Vor der Flamme, der Blume des Lichts habe ich mich immer gebeugt; vor der erwachten Seele, vor dem weitaufgetanen Auge der Liebe. Ob es leuchtet zwischen Mutter und Kind, zwischen Geschwistern, oder zwischen Spielgefährten indianisch wetterleuchtete! Böses Wachen und böser Schlaf frisst an der Seele; bleibt sie blütenlos, ist tot ihr Mensch. Und gleich dem starren leblosen Kerzenleuchter auf meinem Tisch, bevor ich seine Kerze, seine Seele anzünde. Undurchleuchtet sind wir Menschen tot; das Licht bewegt uns - und wir schädigen uns, indem wir unsern kostbarsten Schatz vernachlässigen, unsere Seele! Nimmermehr bedeutet das Licht Gott Selbst, Seine raulose zeitlose ewige Seelengestalt, die aus der Nische Eigengedunkel hervortrat und "Sich entdunkelte", bevor Sie das Weltparadies erschuf. Also vollzog der Allmächtige an Sich: Urchemie. Man verwechsle nicht die strahlende Glorie in Ihm mit des Ewigen Selbst. Sein erleuchteter Odem ist in keine Formel zu fassen. Aber nach dem stärkenden Ewigkeitstrunk dürstet immer von Neuem den erleuchteten Menschen. Mit diesem weisen weissen Weine zog der Schöpfer die Erde gross.
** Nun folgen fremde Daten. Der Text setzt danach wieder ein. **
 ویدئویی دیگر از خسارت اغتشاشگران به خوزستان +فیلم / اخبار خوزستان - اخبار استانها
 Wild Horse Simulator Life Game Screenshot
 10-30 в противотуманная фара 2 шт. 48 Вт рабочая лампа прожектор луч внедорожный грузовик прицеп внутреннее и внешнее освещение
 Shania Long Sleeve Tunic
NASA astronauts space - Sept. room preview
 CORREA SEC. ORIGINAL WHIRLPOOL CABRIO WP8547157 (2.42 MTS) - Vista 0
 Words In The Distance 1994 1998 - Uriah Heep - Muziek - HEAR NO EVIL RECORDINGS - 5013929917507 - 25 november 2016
Es gipfelten die Felsen, es erwachte das Geschmeide glitzernd im Gestein. Der Amethist, der Hyazinth, der rätselhafte Smaragd, aber es lichtete sich auch jedes Weizenkorn auf dem Feld; und der Herr küsste die Kornblume! Und über die Wasser sandte Er eine Taube - Seiner Seele schimmerndes Licht. Aber auch seines flammenden Odems gewaltige Adlerschwinge treibt die Welle hoch zum Mondschein.
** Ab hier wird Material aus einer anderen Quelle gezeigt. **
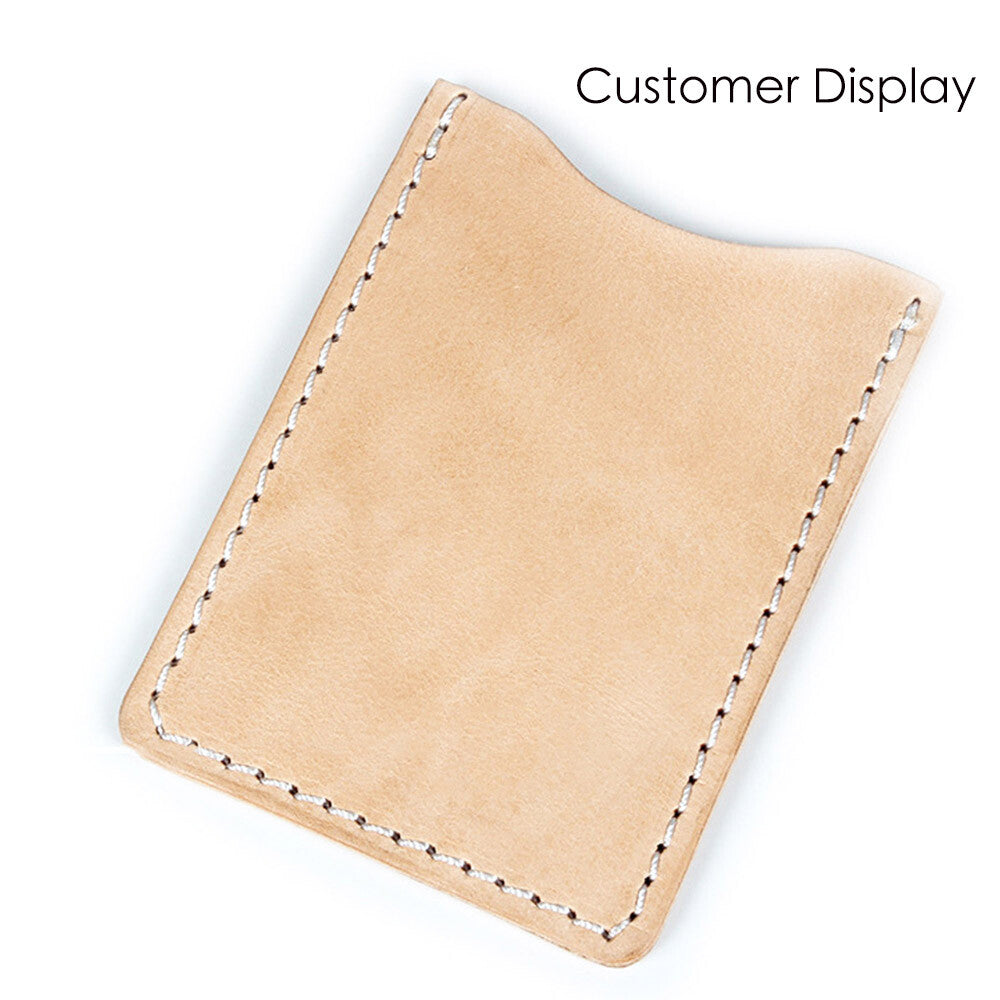 Full Grain Vegetable Tanned Tooling Leather craft Natural cowhide 3~4.0mm thick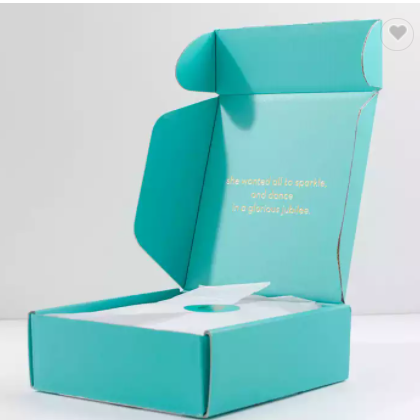 Custom Logo Corrugated Paper Cardboard Packaging Mailer Subscription Shipping Gift Box For Notebook / 3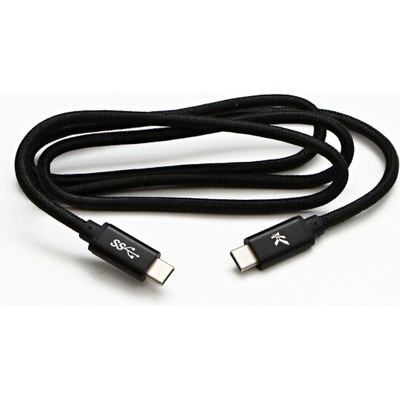 Logo KUEHDTL20BBL USB (3.2 gen 1), USB C samec - USB C samec, 2m, černý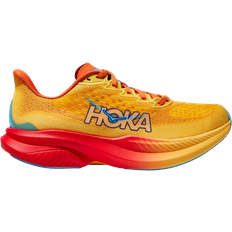 44 - Gul - Herre Sko Hoka Mach 6 M - Poppy/Squash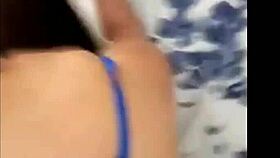 I Suck My Husband Until He Cums In Me, Delicious Fuck In Blue Lingerie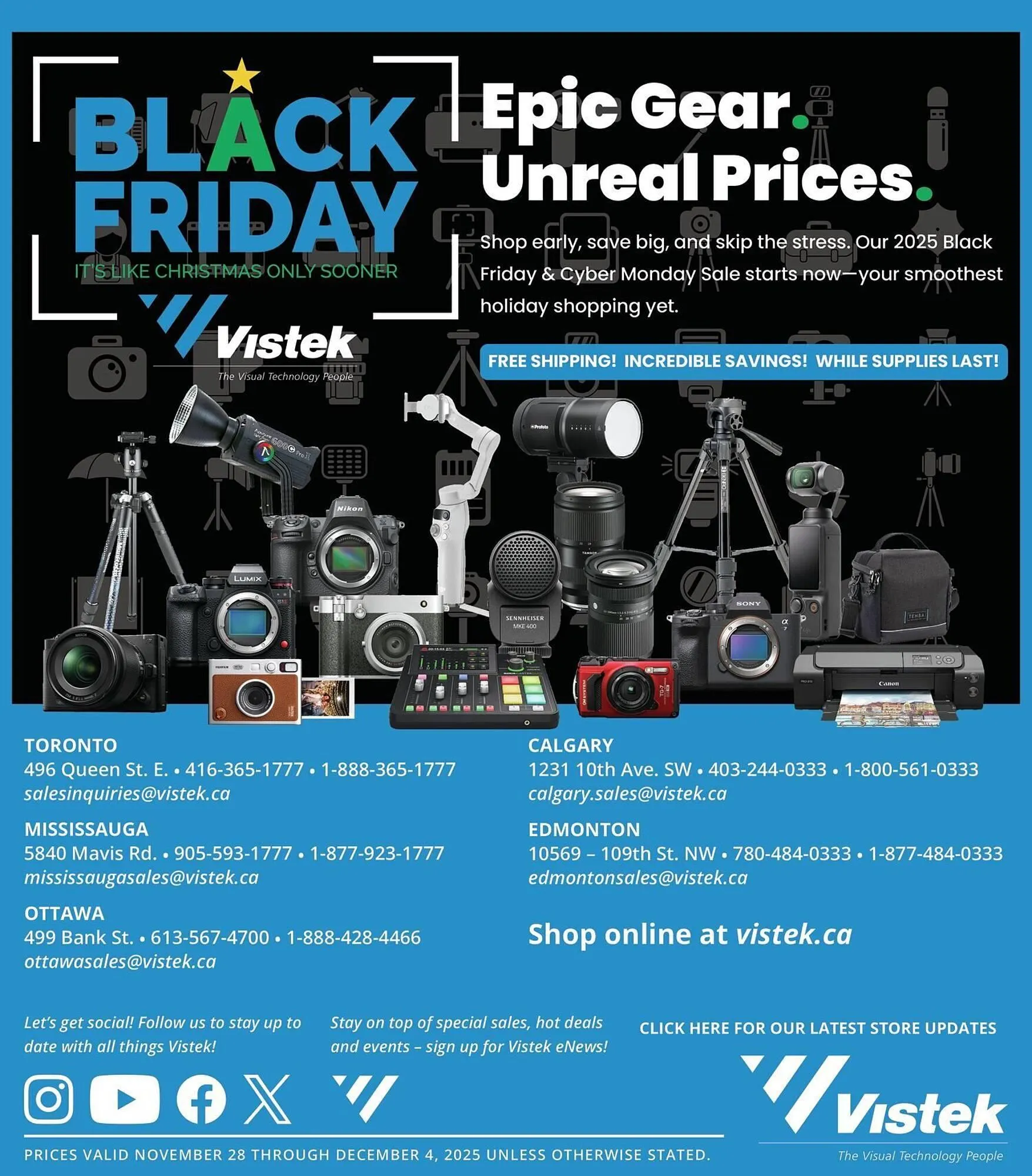 Vistek flyer from November 28 to December 5 2025 - flyer page 16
Wir wollen uns versöhnen die Nacht
wenn wir uns herzen sterben wir nicht . . .

Das Licht ist auserkoren im Kelch der Seele sich ganz in Liebe zu entfalten.
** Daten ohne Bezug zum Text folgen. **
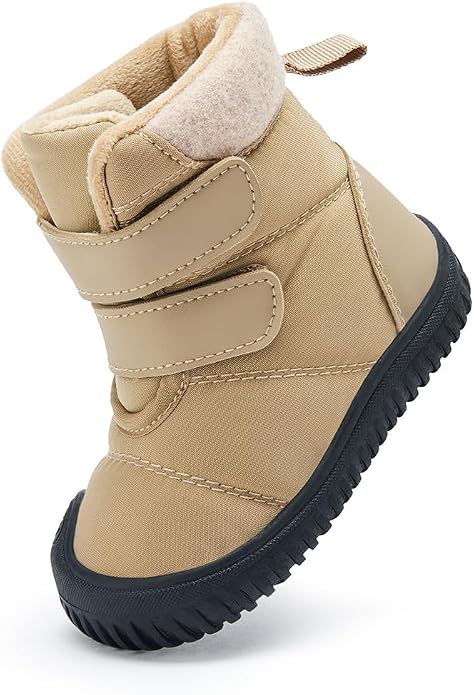 BMCiTYBM Toddler Baby Winter Snow Boots Boy Girl Faux Fur Warm Non Slip First by BMCiTYBM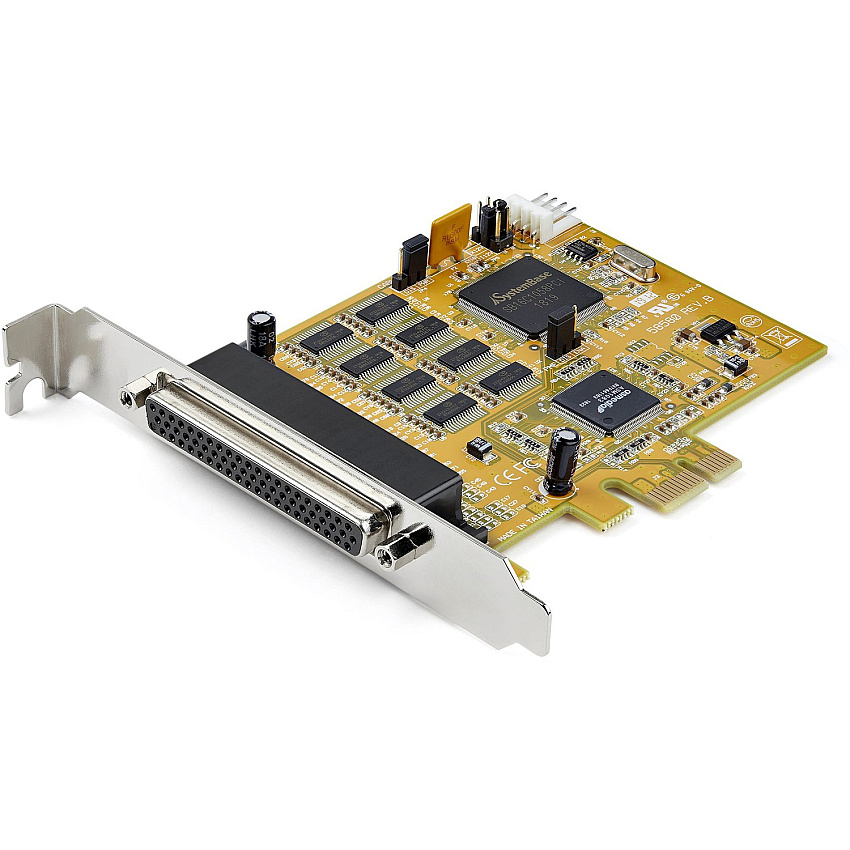 StarTech 8-port Pcie Rs232 Serial Adapter Card (PEX8S1050)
   Nach dem Erdenleben sind nicht alle Menschen tot, Ableben bedeutet nicht immer Gestorbensein. Aber unzählige Menschen sind schon tot im Leben, es sind diejenigen, die sich in ihrer Dunkelheit verirrten, Sünder nennt der Mensch sie, die noch nachträglich Mitschuldigen an der Verdunkelung der Welt, am Verlust des Paradieses. Erleuchtete Menschen schreiten über gelichtete Wegewigkeiten.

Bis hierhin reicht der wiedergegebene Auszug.